Some high-end receivers have two simultaneously active HDMI outputs, so it's probably not an HDCP issue.

How long are the cables? What video resolution are you using? 
HDMI is extremly picky. Cables that work with 1080i and 720p often won't work for 1080p/60. Long cable runs (> 25 ft) are particularly problematic and may need an extender.


----------



## rx50cent (Feb 14, 2010)

cable to monitor is 6ft, tv is 25ft, but both cables are working fine without using the splitter


----------



## selden (Nov 15, 2009)

Do both display devices have the same resolution? If they have different native resolutions, that may be part of the problem.

What's the length of the third cable, from HTPC to splitter?

HDMI cabling problems don't always make sense, since all of the devices have to communicate with one another. They all have to agree that they all are HDCP compliant, for example. Also, many HDMI source devices will change their output resolutions to match that of the display device, even if there's a receiver in between them.


----------



## rx50cent (Feb 14, 2010)

both tv and monitor is 1920x1080
cable for splitter is only about 6"


----------



## Mike P. (Apr 6, 2007)

> both tv and monitor is 1920x1080


Same refresh rate?


----------



## rx50cent (Feb 14, 2010)

i'm not sure where to look for refresh rate on the tv, the monitor is 60hz


----------



## Mike P. (Apr 6, 2007)

I can't find anything on splitters feeding 2 devices, I'm guessing HDMI can't handshake with 2 devices at the same time.


----------



## rx50cent (Feb 14, 2010)

i guess it can't be done then...thanks so much for everyone's help, keep me posted tho cheers


----------



## lsiberian (Mar 24, 2009)

selden said:


> Do both display devices have the same resolution? If they have different native resolutions, that may be part of the problem.
> 
> What's the length of the third cable, from HTPC to splitter?
> 
> HDMI cabling problems don't always make sense, since all of the devices have to communicate with one another. They all have to agree that they all are HDCP compliant, for example. Also, many HDMI source devices will change their output resolutions to match that of the display device, even if there's a receiver in between them.

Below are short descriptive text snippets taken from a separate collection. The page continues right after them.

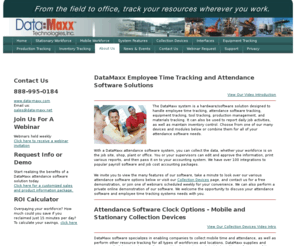 attendancesoftware.us: DataMaxx Employee Time Tracking and Attendance Software Solutions
DataMaxx Attendance Software for Stationary Workforces and Attendance Software For Mobile Workforces.  Time and Attendance Tracking Software Integrates to Over 100 Accounting Packages.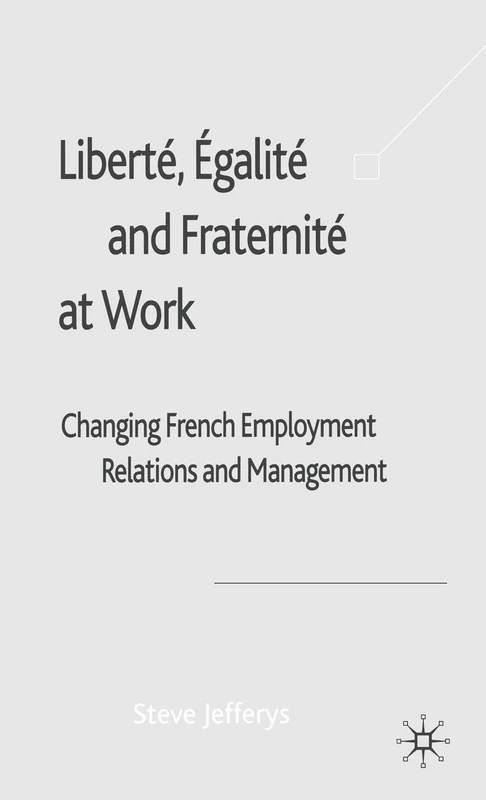 Liberté, Egalité and Fraternité at Work: Changing French Employment Relations and Management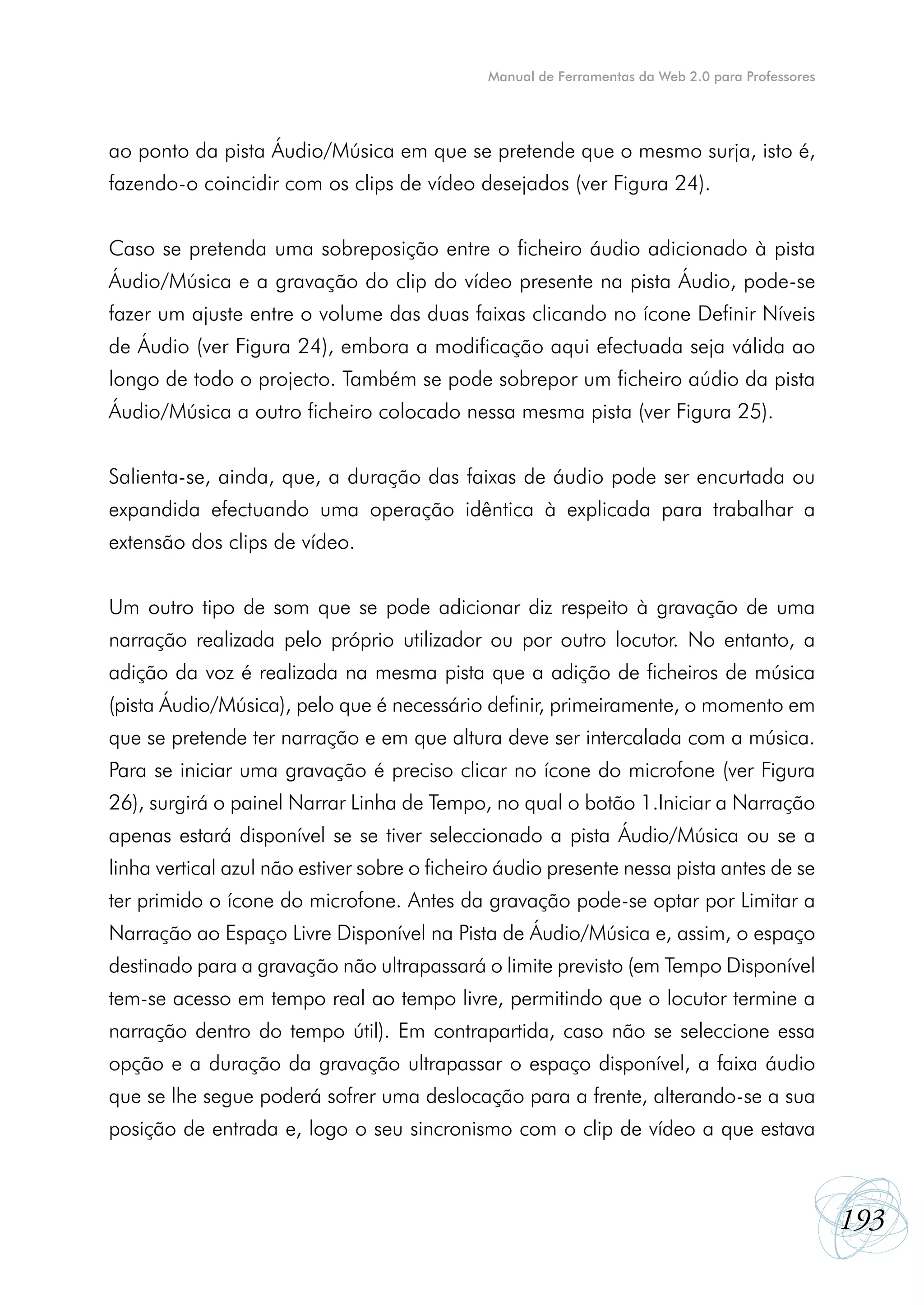 Manual de Ferramentas da Web 2.0 para Professores




ao ponto da pista Áudio/Música em que se pretende que o mesmo surja, isto é,
fazendo-o coincidir com os clips de vídeo desejados (ver Figura 24).


Caso se pretenda uma sobreposição entre o ficheiro áudio adicionado à pista
Áudio/Música e a gravação do clip do vídeo presente na pista Áudio, pode-se
fazer um ajuste entre o volume das duas faixas clicando no ícone Definir Níveis
de Áudio (ver Figura 24), embora a modificação aqui efectuada seja válida ao
longo de todo o projecto. Também se pode sobrepor um ficheiro aúdio da pista
Áudio/Música a outro ficheiro colocado nessa mesma pista (ver Figura 25).


Salienta-se, ainda, que, a duração das faixas de áudio pode ser encurtada ou
expandida efectuando uma operação idêntica à explicada para trabalhar a
extensão dos clips de vídeo.


Um outro tipo de som que se pode adicionar diz respeito à gravação de uma
narração realizada pelo próprio utilizador ou por outro locutor. No entanto, a
adição da voz é realizada na mesma pista que a adição de ficheiros de música
(pista Áudio/Música), pelo que é necessário definir, primeiramente, o momento em
que se pretende ter narração e em que altura deve ser intercalada com a música.
Para se iniciar uma gravação é preciso clicar no ícone do microfone (ver Figura
26), surgirá o painel Narrar Linha de Tempo, no qual o botão 1.Iniciar a Narração
apenas estará disponível se se tiver seleccionado a pista Áudio/Música ou se a
linha vertical azul não estiver sobre o ficheiro áudio presente nessa pista antes de se
ter primido o ícone do microfone. Antes da gravação pode-se optar por Limitar a
Narração ao Espaço Livre Disponível na Pista de Áudio/Música e, assim, o espaço
destinado para a gravação não ultrapassará o limite previsto (em Tempo Disponível
tem-se acesso em tempo real ao tempo livre, permitindo que o locutor termine a
narração dentro do tempo útil). Em contrapartida, caso não se seleccione essa
opção e a duração da gravação ultrapassar o espaço disponível, a faixa áudio
que se lhe segue poderá sofrer uma deslocação para a frente, alterando-se a sua
posição de entrada e, logo o seu sincronismo com o clip de vídeo a que estava



                                                                                                  193
 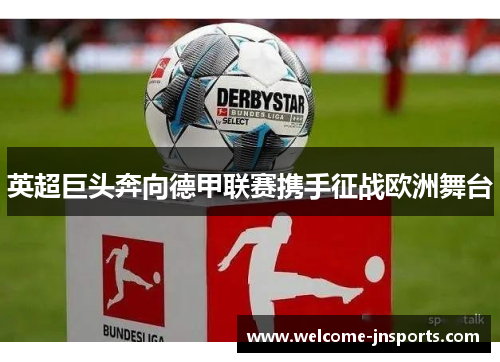 英超巨头奔向德甲联赛携手征战欧洲舞台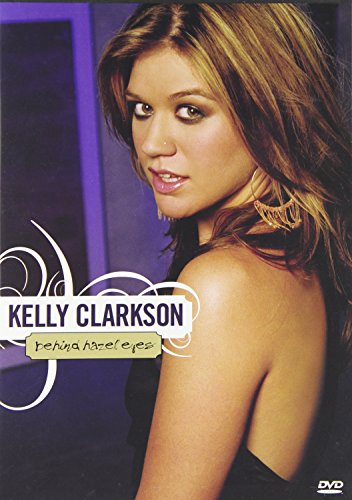 Kelly Clarkson / Behind Hazel Eyes - DVD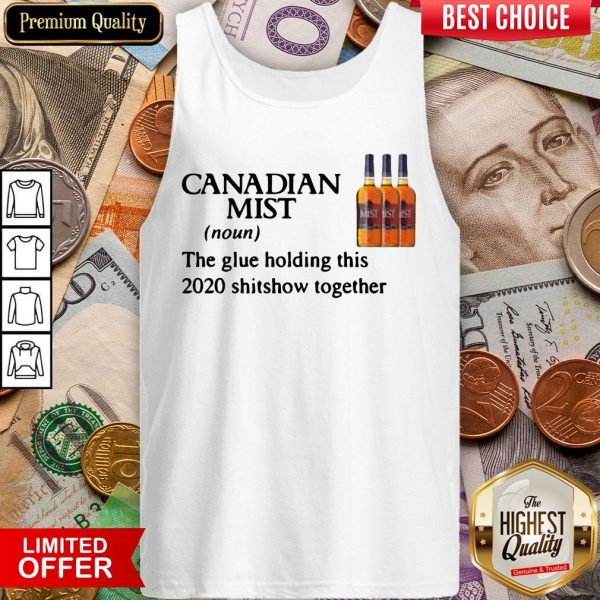 Canadian Mist Whisky The Glue Holding This 2020 Shitshow Together Tank Top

I didn't engineer the protocol and if I had I wouldn't fess up to it. 

But the hdmi splitter would need a handshake device like the receiver has in order to accomplish this. You can't have 2 handshakes coming back on the network line without serious collision issues. 

Given the cost of the device I'd say your out of luck. You can split component signals though and the quality is not significantly lower either.


----------



## Mike P. (Apr 6, 2007)

Or feed the monitor with HDMI and the TV with component, if that's possible for you.


----------



## rx50cent (Feb 14, 2010)

the pc is already feeding to DVI and HDMI. if from the HDMI splitter i feed one port to the monitor and the other to a HDMI to component adapter to the TV do you think it would work?


----------



## lsiberian (Mar 24, 2009)

rx50cent said:


> the pc is already feeding to DVI and HDMI. if from the HDMI splitter i feed one port to the monitor and the other to a HDMI to component adapter to the TV do you think it would work?


This is simply a trial and error. That's what Video setting with PC's are.


----------